In describing these songs to Apple Music, she returns a few times to the phrase “dance crying,” and that contradiction is vivid enough here (arguably the lustiest track is called “Break My Heart”) that it ceases to be a contradiction at all. It’s not that this record is flawless in the classic sense: The extremely earnest antimisogyny closing anthem “Boys Will Be Boys” is clunky by design, the better to convey its earnestness. (“If you’re offended by this song,” the bridge asserts, “You’re clearly doing something wrong.”) But in a brisk 37 minutes, the whole of Future Nostalgia conjures up its own fantastic infinite-repeat universe, sneakily profound in its devotion to pure escapism. Which, sure, makes this record theoretically perfect for a prolonged international crisis in which even heavily compromised escapism (e.g., Tiger King) is tough to come by.
Is Dua Lipa, in all her relentless excellence, the right pop star for this relentlessly awful moment? That can’t possibly be the right question. It is folly to expect any pop music by anybody to Speak To These Times in any meaningful way anytime soon. And anyway, Speaking To These Times is very explicitly not Dua Lipa’s job: It’s her job to channel lust and triumph and ecstasy even—and maybe even especially—at her most heartbroken. The tragedy of Future Nostalgia is that right now you can’t share in that ecstasy, in person, with anybody not already living with you. Her yearning becomes your yearning to share, communally, in her yearning. The question is whether that sense of tragedy will linger even after normalcy—quote-unquote, and God willing—is restored.
Actually, there are exactly two pieces of pop music so far that have effectively engaged with our current predicament. The first is this very tuneful cry for help from Tierra Whack. The second comes to us from, why not, the Backstreet Boys.
As part of the Elton John–hosted iHeart Living Room Concert for America that aired on Fox Sunday night, the fellas performed “I Want It That Way” whilst cooped up in their respective (palatial) houses, flaunting their various children and/or pinball machines, and the result had a wistful poignance to it, delivered with more self-awareness than some other recent celebrity high jinks we could mention. Dua Lipa has gotten in on this act, too: This week, at James Corden’s behest, she and her band did a video-conferencing version of Future Nostalgia single “Don’t Start Now.”

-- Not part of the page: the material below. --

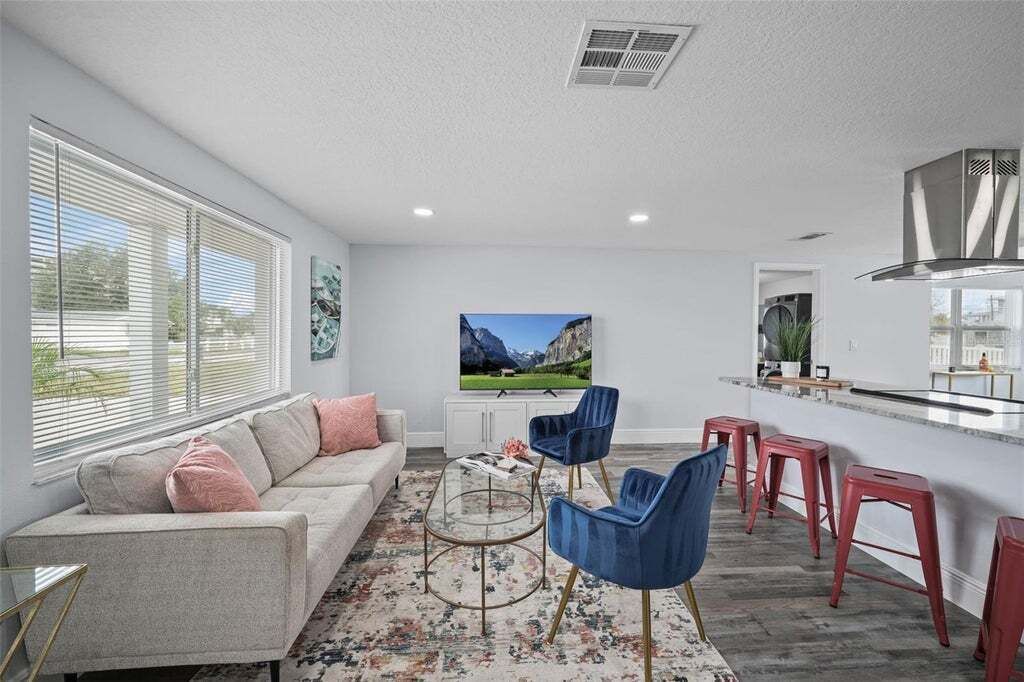 Property photo 2 of 20 <Alttext/>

Watch this a couple times and you’ll warm up to it: In its strident effervescence, the song, certainly, is durable enough to transcend the absurdity of these circumstances, the necessity of that enforced physical distance. But there’s an unavoidable melancholy to it, too. From Dua Lipa’s perspective, this is all straightforwardly horrible timing in terms of putting out an album, but for the rest of us, with an increasingly barren new-release schedule and an increasingly grim international outlook in every possible sense, Future Nostalgia will have to be enough. To her infinite credit, it might actually be enough. But what I know for sure is that whatever the Song of Summer 2020 turns out to be, if we even bother to crown one at all, it’ll be the song we most wish we could all sing together, in person, to one other.